Long Beach port board OKs new container fee to pay for clean truck plan

| 12/18/2007

In the latest of a recent flurry of port emission rules, the Port of Long Beach’s governing body voted Monday, Dec. 17, to impose a $35 fee for every 20 feet of container length.

Port officials plan to use the fee to purchase $1.6 billion of new trucks, truck engines and retrofits in order to clean up one of California’s dirtiest shipping ports. The Port of Los Angeles is scheduled to adopt an identical plan at its Harbor Commission meeting Thursday, Dec. 20.

“Today’s vote will help ensure that, in a short time, only the cleanest trucks will operate at the ports,” said Mario Cordero, president of the Harbor Commission, according to a port-issued statement.

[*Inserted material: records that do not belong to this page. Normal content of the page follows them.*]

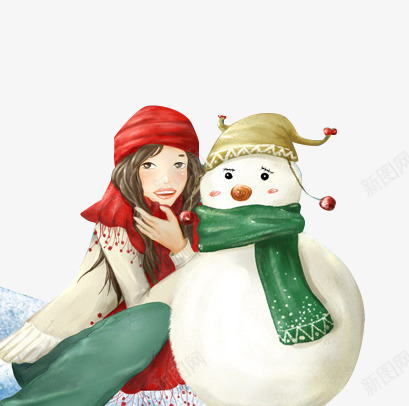 美女雪人png免抠素材_88icon https://88icon.com 卡通 时尚插图 红围巾美女 雪地里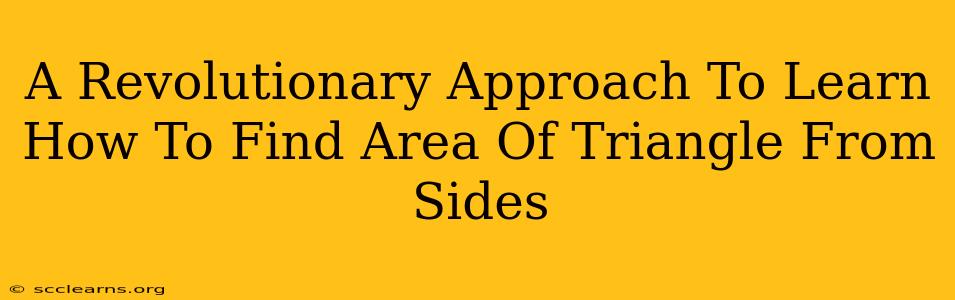 A Revolutionary Approach To Learn How To Find Area Of Triangle From Sides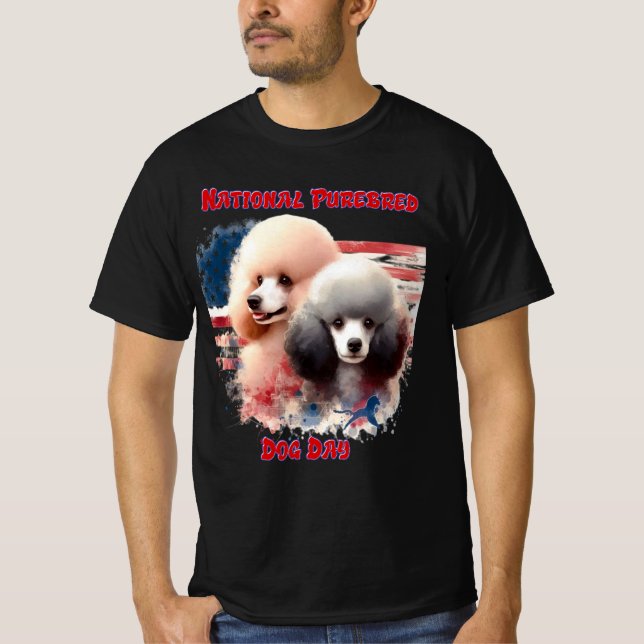 Camiseta Prance de Poodles Patriótico por Glória Velha (Frente)
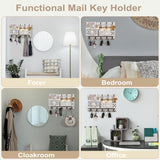 QILICHZ Key and Mail Holder for Wall,Decorative Key Holder Wall Mount,Wood Key Holder for Wall,Farmhouse Mail Key Organizer 13 Key Hooks,Rustic Key Hanger Wall Mount for Mail Envelope Letter Key,White QILICHZ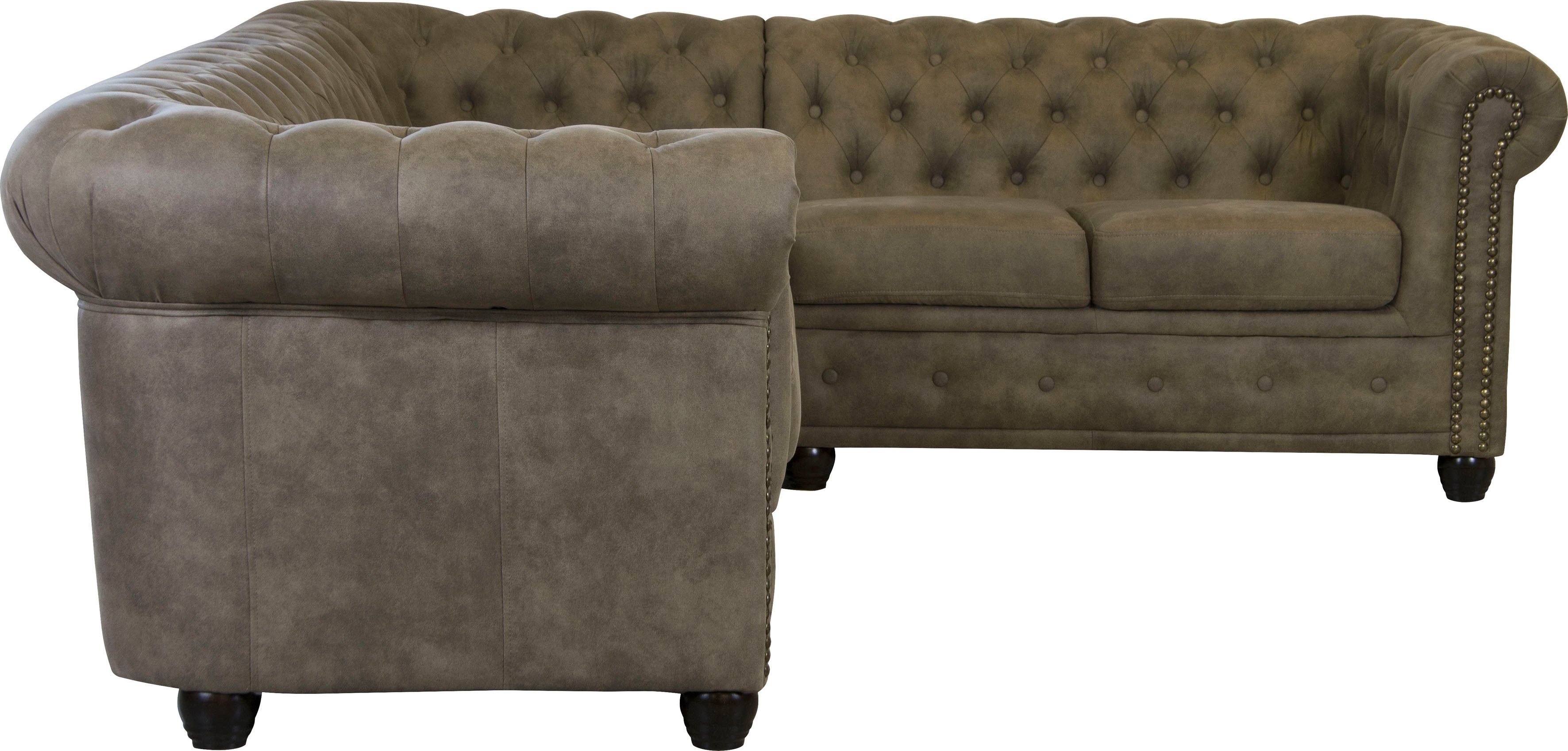 Home affaire Chesterfield-bank Rysum L-vorm Chesterfield-look, lange zijde links of rechts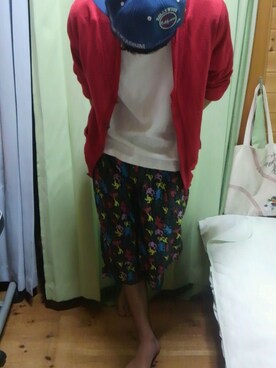 「アイテム（Tシャツ/カットソー、ホワイト系）」を使った、りょーじさん（メンズ・173cm）の夏コーディネート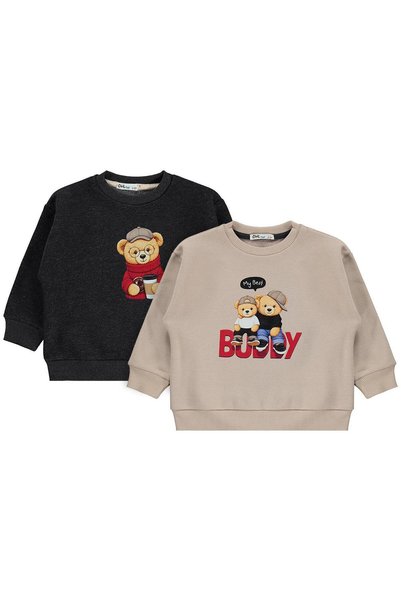 Civil Boys Bear Printed Set of 2 for Ages 2-5 - Gray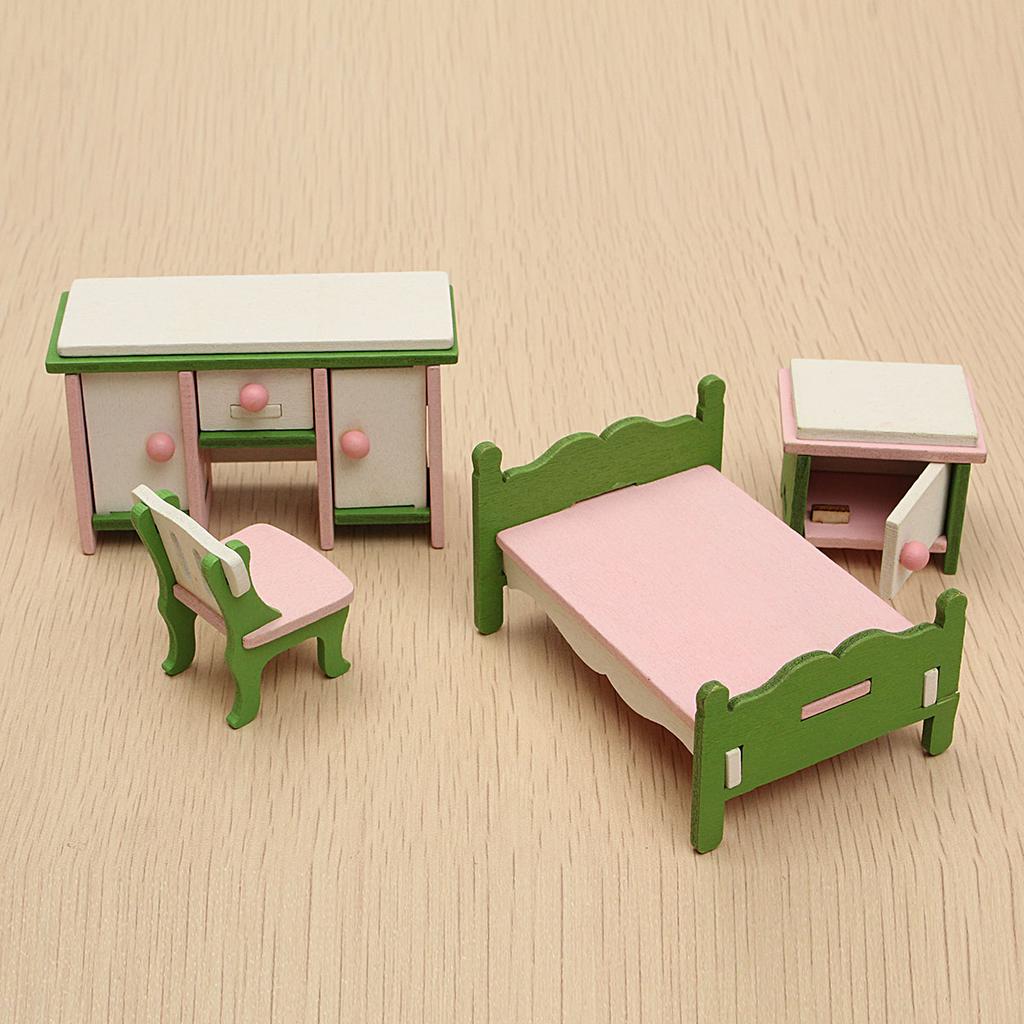 Buy Doll House Miniature Bedroom Kit Wooden Furniture Set Families Role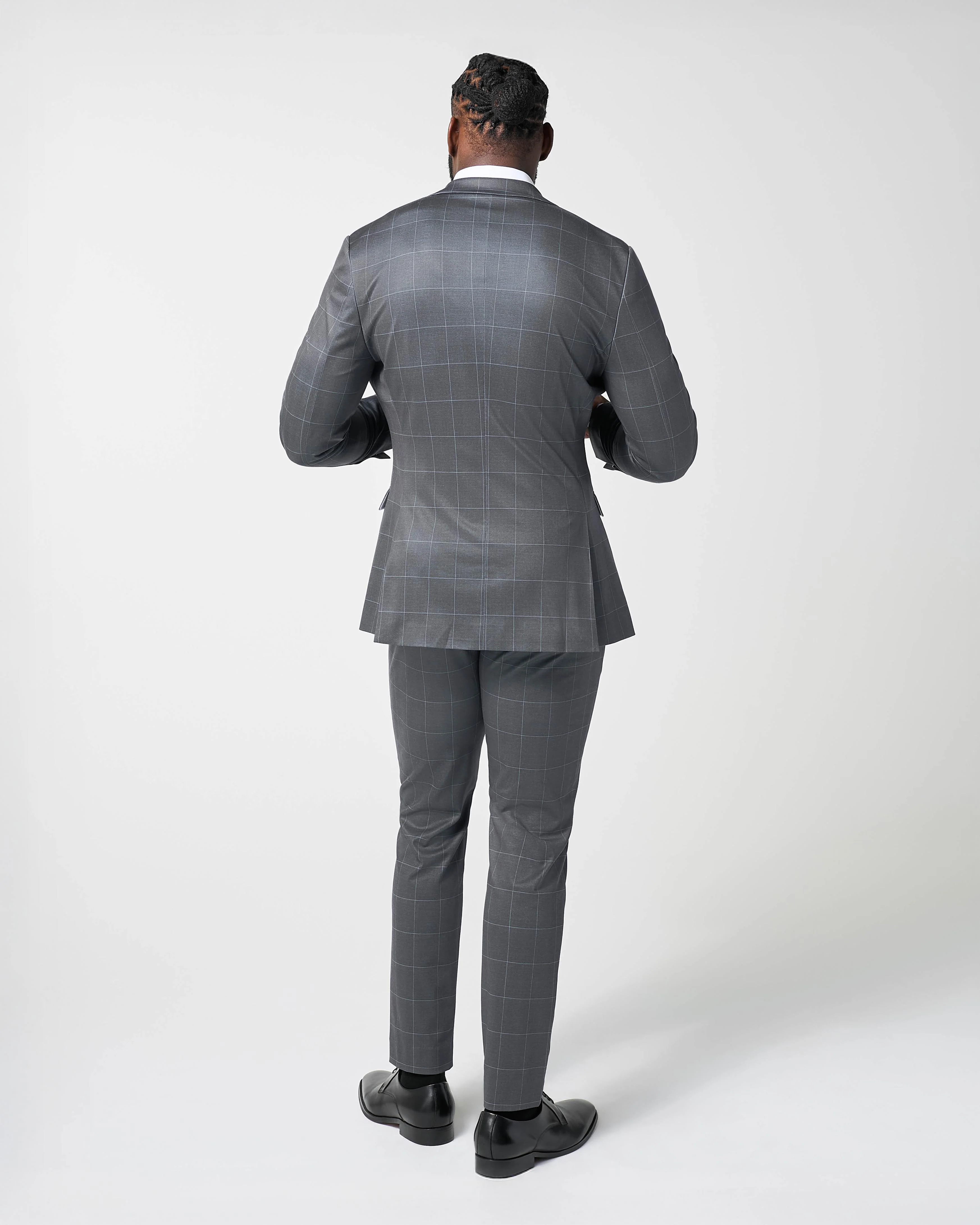 Athletic Fit Stretch Suit Pants - Grey and White Big Windowpane - Image 4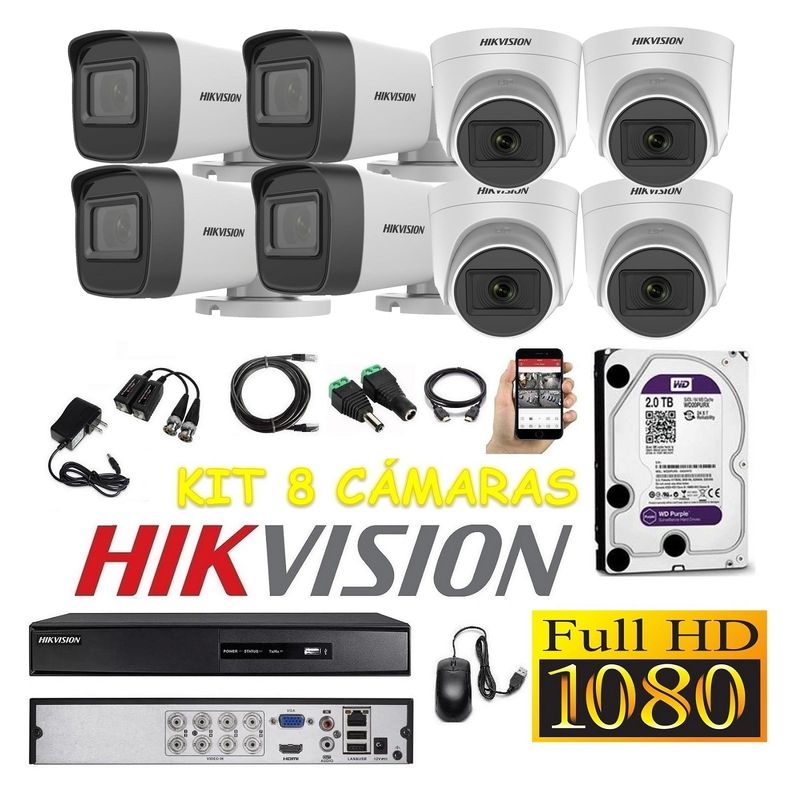 HIKVISION - Cámaras Seguridad Kit 8 HIKVISION FULLHD Audio Incorporado 2tb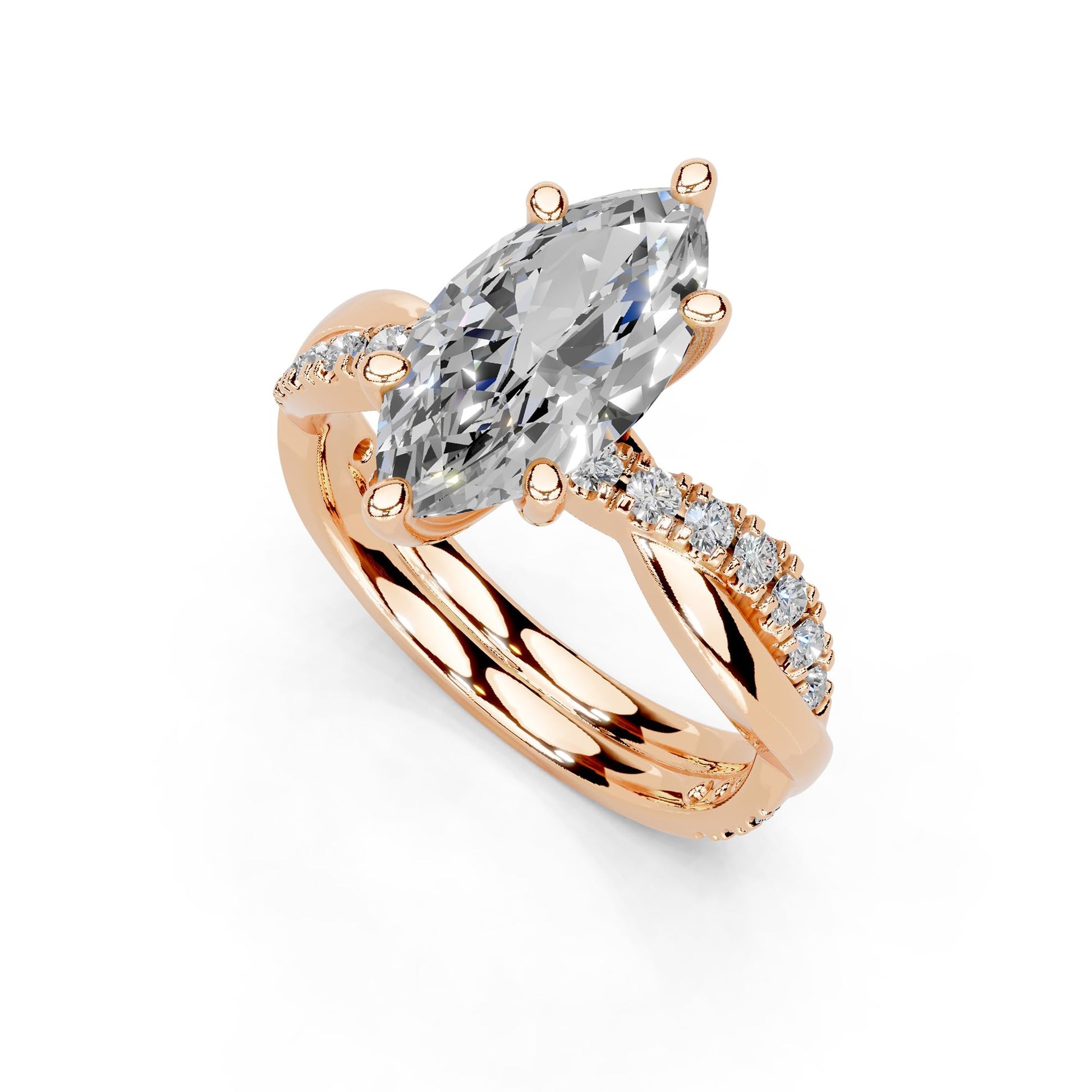 1-5 Carat 14K 18K Gold Platinum/Silver Marquise Cut 6 Prong Split Shank Lab Grown Diamond Ring Engagement Anniversary Wedding IGI Certified Promise Rings for Women (1-5 Ct, F-G Color, VS1-VS2 Clarity)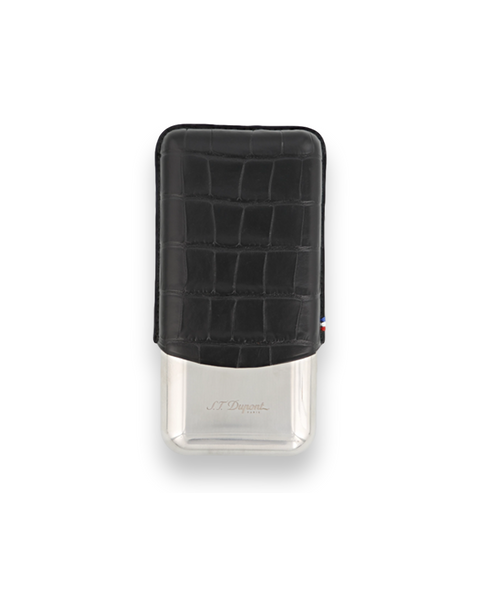 ST DUPONT ETUI METAL 3'S CROCO DANDY NOIR ET ACIER — Rhein 1905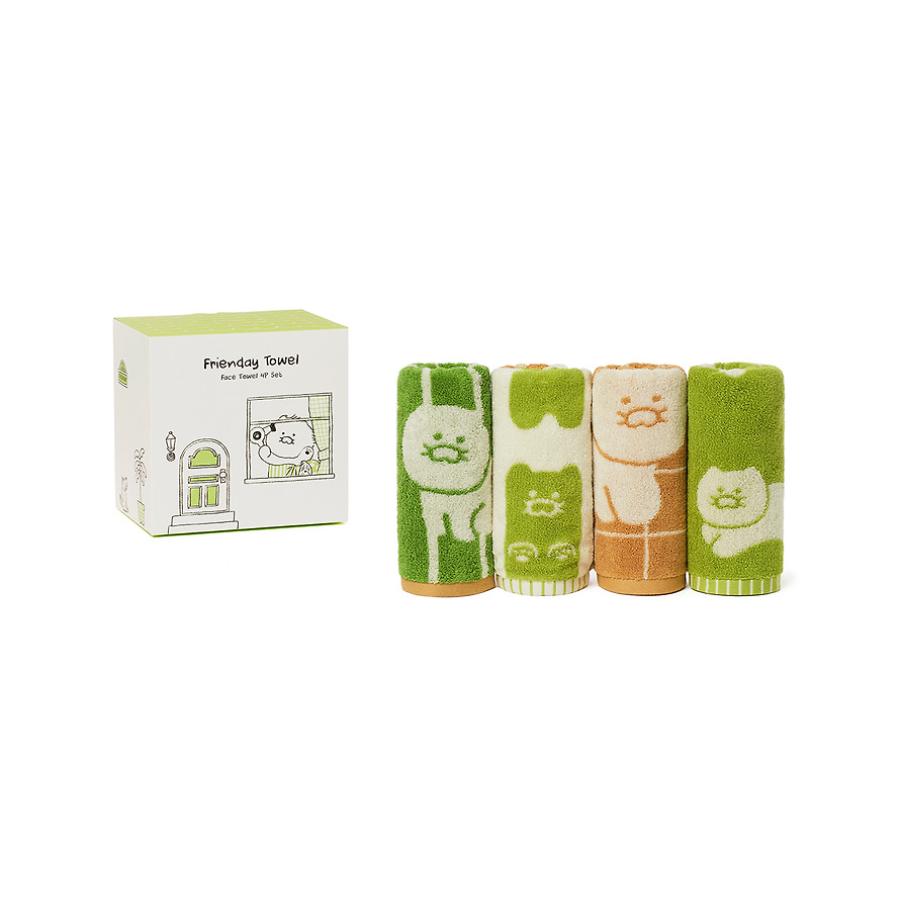 Kakao Friends - FRIENDAY Face Towel 4-Piece Set Green & Mocha (Choonsik)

In November, the twin ports of Los Angeles and Long Beach approved clean truck programs that ban pre-1989 trucks by the fall of 2008. The new regs will ban all trucks that don’t meet 2007 emission standards by 2012.

Also, in early December, the California Air Resources Board approved its own ban on older trucks. It begins phasing in on Dec. 31, 2009, and will ban by Dec. 31, 2013, all trucks that don’t meet 2007 emission standards.

OOIDA leaders have met with officials from the twin ports at L.A./Long Beach to express concerns about a Teamsters-backed amendment to the clean truck program that would ban truck drivers who weren’t company employees. That plan also would limit companies allowed into the ports to a specific list of licensed concessionaires

The ports of Los Angeles and Long Beach are scheduled to consider those additional measures in either January or February 2008, a Port of Los Angeles spokesman recently confirmed to Land Line.

Joe Rajkovacz, an OOIDA regulatory affairs specialist, also has spoken with officials at the Federal Maritime Commission regarding the port plans.

The Federal Maritime Commission falls under the jurisdiction of the Transportation Department and regulates a variety of international shipping processes. The agency has more power to regulate when more than one port adopts identical policies, and when the flow of interstate commerce may be affected by local port regulations.

During an October meeting with the officials from the Maritime Commission, Rajkovacz conveyed OOIDA’s position that owner-operators should not be burdened with a port truck registry or be blocked from having access to the ports.

If the ports of Los Angeles and Long Beach bar most truckers, it could create an expensive, inefficient system. Owner-operators without port access would have to stop and pay a driver with access to take a container inside, Rajkovacz said.

Nevertheless, port officials seem ready to roll full steam ahead. “The next step will be to work with the trucking industry and other stakeholders to coordinate a smooth transition to a cleaner truck fleet,” Cordero said in the news release.